Nothing sustains motivation like evidence that your work matters to real people. When a user writes to tell me that ZSky AI helped them create the cover art for their first album, or that they used it to visualize a children's book they have been writing for years, or that the free tier let them explore AI art when they could not afford paid alternatives — those messages are rocket fuel.
I keep a folder of these messages. On the worst days, I read them. They remind me why seven GPUs are humming in the next room and why I chose this path over a comfortable job.
Building an AI platform as a solo founder is the most intellectually demanding thing I have ever done. In a single day, I might optimize VRAM allocation, debug a frontend rendering issue, analyze latency metrics, respond to user feedback, and plan infrastructure upgrades. The variety is exhausting and exhilarating in equal measure.

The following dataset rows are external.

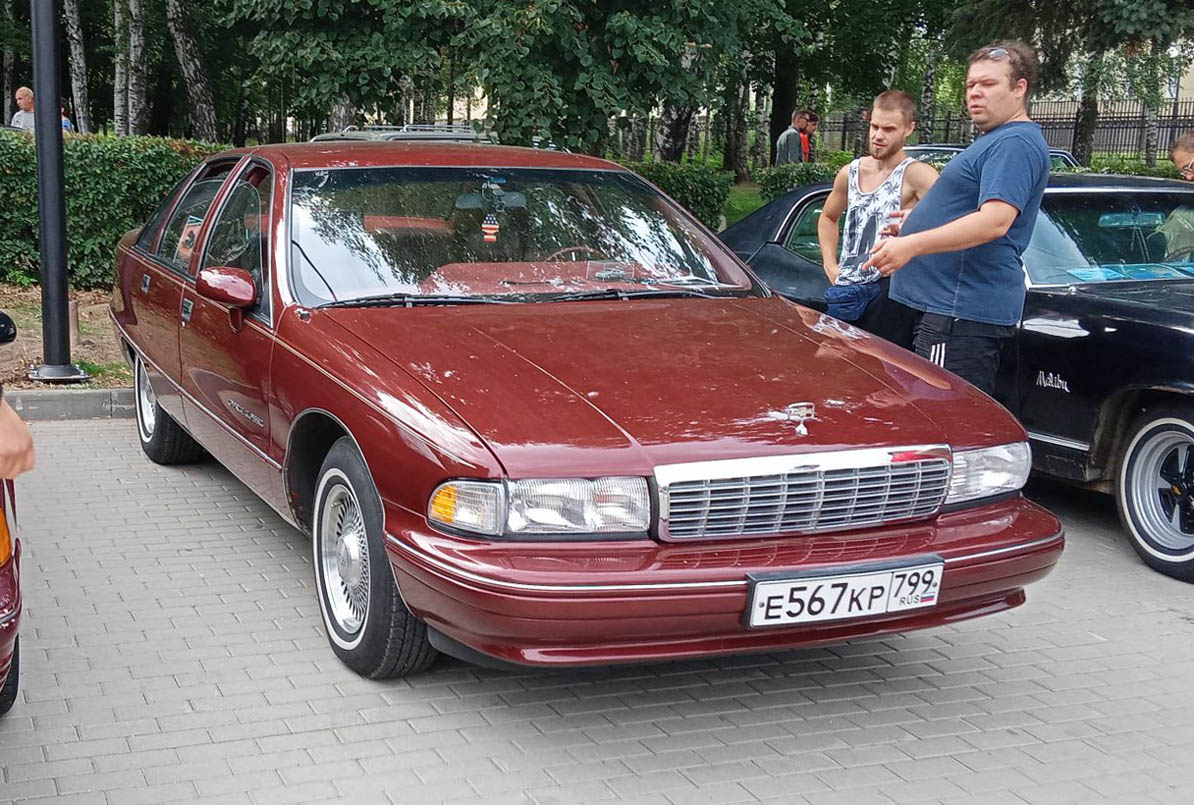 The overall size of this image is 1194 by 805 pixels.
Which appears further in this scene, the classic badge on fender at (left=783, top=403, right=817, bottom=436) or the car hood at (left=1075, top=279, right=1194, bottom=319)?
the car hood at (left=1075, top=279, right=1194, bottom=319)

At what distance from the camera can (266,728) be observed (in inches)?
149

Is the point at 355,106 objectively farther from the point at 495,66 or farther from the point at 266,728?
the point at 266,728

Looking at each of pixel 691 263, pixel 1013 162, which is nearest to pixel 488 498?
pixel 691 263

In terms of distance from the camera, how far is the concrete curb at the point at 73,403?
7754mm

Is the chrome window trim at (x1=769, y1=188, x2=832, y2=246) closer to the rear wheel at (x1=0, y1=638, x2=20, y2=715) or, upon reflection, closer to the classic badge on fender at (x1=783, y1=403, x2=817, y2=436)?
the classic badge on fender at (x1=783, y1=403, x2=817, y2=436)

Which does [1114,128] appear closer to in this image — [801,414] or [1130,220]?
[1130,220]

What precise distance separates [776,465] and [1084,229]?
135 inches

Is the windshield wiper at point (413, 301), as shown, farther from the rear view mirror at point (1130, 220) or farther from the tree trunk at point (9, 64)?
the tree trunk at point (9, 64)

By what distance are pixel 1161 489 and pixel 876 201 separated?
67.9 inches

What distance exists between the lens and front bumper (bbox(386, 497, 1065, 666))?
10.9 ft

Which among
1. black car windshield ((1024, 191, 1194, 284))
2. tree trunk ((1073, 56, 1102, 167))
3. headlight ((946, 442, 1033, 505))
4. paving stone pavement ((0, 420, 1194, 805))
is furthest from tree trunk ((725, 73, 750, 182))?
headlight ((946, 442, 1033, 505))

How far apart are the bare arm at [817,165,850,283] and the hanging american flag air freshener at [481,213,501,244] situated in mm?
1999

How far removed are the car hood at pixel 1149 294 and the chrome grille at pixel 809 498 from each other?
214 centimetres

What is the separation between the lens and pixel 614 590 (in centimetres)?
333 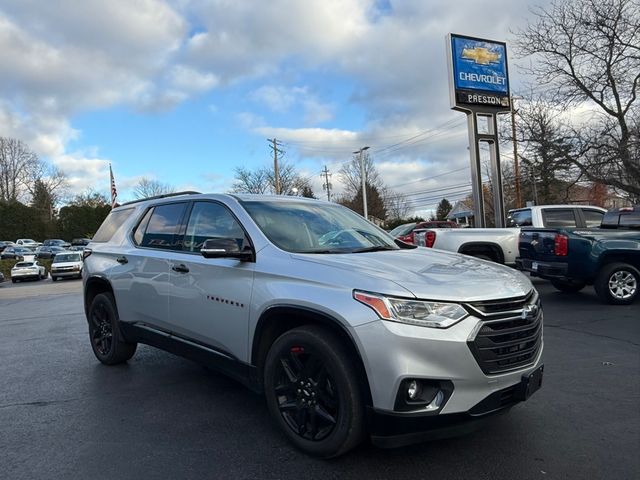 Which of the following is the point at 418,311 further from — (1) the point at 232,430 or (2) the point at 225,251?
(1) the point at 232,430

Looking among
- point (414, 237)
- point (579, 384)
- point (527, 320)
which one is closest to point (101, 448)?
point (527, 320)

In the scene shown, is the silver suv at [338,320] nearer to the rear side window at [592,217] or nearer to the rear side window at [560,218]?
the rear side window at [560,218]

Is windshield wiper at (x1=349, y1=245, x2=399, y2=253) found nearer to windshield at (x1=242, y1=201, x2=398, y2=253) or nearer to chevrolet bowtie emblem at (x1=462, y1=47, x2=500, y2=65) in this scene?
windshield at (x1=242, y1=201, x2=398, y2=253)

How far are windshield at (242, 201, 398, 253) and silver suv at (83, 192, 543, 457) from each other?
17 mm

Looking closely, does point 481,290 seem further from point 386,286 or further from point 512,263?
point 512,263

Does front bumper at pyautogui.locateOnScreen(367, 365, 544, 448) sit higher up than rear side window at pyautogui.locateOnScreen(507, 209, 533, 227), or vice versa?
rear side window at pyautogui.locateOnScreen(507, 209, 533, 227)

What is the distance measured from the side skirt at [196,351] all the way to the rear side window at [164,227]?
82 cm

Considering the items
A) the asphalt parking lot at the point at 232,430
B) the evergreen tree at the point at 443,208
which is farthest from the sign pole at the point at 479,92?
the evergreen tree at the point at 443,208

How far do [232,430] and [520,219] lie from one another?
33.1 ft

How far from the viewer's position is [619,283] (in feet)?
28.5

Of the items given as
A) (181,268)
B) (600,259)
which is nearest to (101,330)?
(181,268)

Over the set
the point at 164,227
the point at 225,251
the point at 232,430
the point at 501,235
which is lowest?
the point at 232,430

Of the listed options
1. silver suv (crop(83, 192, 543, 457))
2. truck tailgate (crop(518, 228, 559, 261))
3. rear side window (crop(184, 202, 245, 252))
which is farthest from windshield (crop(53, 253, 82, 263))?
rear side window (crop(184, 202, 245, 252))

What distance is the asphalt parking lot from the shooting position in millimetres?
3035
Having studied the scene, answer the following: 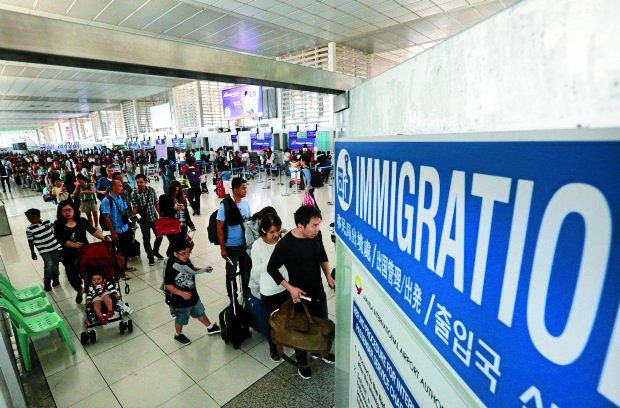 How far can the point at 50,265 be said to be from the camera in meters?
4.45

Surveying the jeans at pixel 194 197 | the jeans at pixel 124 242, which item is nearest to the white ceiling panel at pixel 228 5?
the jeans at pixel 194 197

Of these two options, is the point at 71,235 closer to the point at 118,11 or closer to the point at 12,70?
the point at 118,11

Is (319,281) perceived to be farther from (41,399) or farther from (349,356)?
(41,399)

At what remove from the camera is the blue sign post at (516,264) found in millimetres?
448

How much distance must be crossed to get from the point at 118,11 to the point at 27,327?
24.9ft

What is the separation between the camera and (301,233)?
2490mm

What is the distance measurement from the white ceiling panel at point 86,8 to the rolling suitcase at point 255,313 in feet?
24.8

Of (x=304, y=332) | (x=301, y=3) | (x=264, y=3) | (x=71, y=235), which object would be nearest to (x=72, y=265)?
(x=71, y=235)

I am never bored. That is worth more than it sounds. Many people spend their careers doing one narrow thing. I get to build everything, understand everything, and improve everything. The solo founder path is hard, but it is never monotonous.
Every improvement compounds. Better reliability means fewer emergency wake-ups, which means more energy for building features. Better features mean more users, which means more feedback, which means better products. This flywheel, once it starts spinning, generates its own momentum.
A year ago, ZSky AI was a prototype on a desk. Today it serves real users creating real work. A year from now, it will be something I cannot fully imagine yet. That trajectory, visible in the data and in the user stories, is deeply motivating.
Honestly? Part of what keeps me going is pure stubbornness. People said a solo founder cannot build a competitive AI platform. People said you need VC funding. People said you need a team of ML researchers. Every user who creates something valuable on ZSky AI is evidence that those people were wrong. And I am not done collecting evidence.
If you are building something alone and wondering whether it is worth it, I cannot answer that for you. What I can tell you is that the founders who persist through the doubt are the ones who build things that matter. The doubt never fully goes away. You just get better at building alongside it.